If the City Council decides to sell the 1.4-mile-long former railroad line behind homes in the Northwood community, the adjoining residents will have to pay fair market value.
The council voted unanimously this week to hire an appraiser and to notify property owners next month on how much it would cost to buy the piece of the 60-foot-wide strip by their homes. The notice will ask residents to write back to the city if they are interested in buying a portion and fencing it into their back yards.
The council has not decided whether to sell the land. But council members said that if not enough residents want to buy it, the city would favor keeping the land and eventually developing a narrow park and bicycle trail.

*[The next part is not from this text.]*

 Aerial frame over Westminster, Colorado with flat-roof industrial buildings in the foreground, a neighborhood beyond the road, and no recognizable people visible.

The city has long planned to develop a trail, but has lacked the $2.4 million to pay for it.
The idea of selling the land is being promoted by some residents living along the abandoned right of way, which the Irvine Co. gave to the city several years ago. Some Northwood residents have been pushing the council to sell the land or develop a trail to rid themselves of the problem. The area attracts teen-agers and vandals, who create noise and trash problems, some residents have said.
Some residents suggested that the city sell them the land for $1 a parcel, so that the city can easily unload the property and rid itself of potential problems. But the council rejected that option.

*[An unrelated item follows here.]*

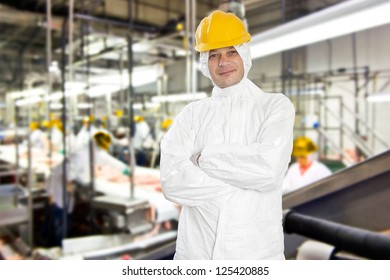 Smiling Worker In A Meat Processing Factory And Slaughterhouse, Wearing Hygienic Clothing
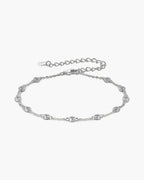 Elegant women's silver 925 bracelet with bezel-set cubic zirconia stones on a light background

Most Irvine residents appearing at Tuesday's City Council meeting objected to selling the land, and said the city should keep the land as open space.

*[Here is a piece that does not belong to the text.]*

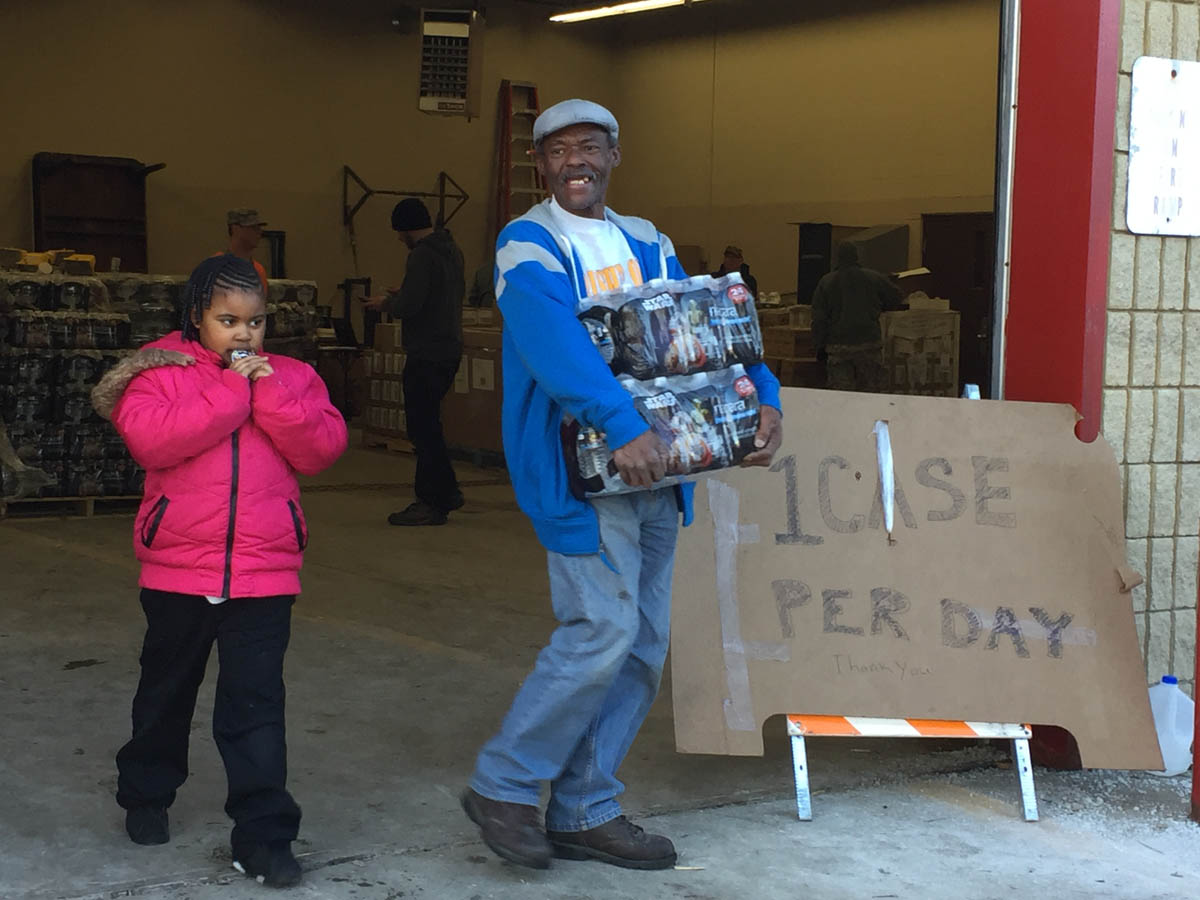 Curtis West, 57, and his daughter, Brooklyn Pratcher, 7, get two cases of free bottled water at a fire station. (Bridge photo by Chastity Pratt Dawsey)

"We're talking about 10 acres of green space," said Mary Ann Gaido, a former council member and planning commissioner. "Ten acres of open space are valuable."
The council also approved conducting some form of poll of Northwood residents to determine whether they would be willing to pay slightly higher property taxes temporarily in order to build the greenbelt and bike path. City staff members were asked to present ideas for conducting the poll at the council's Sept. 24 meeting.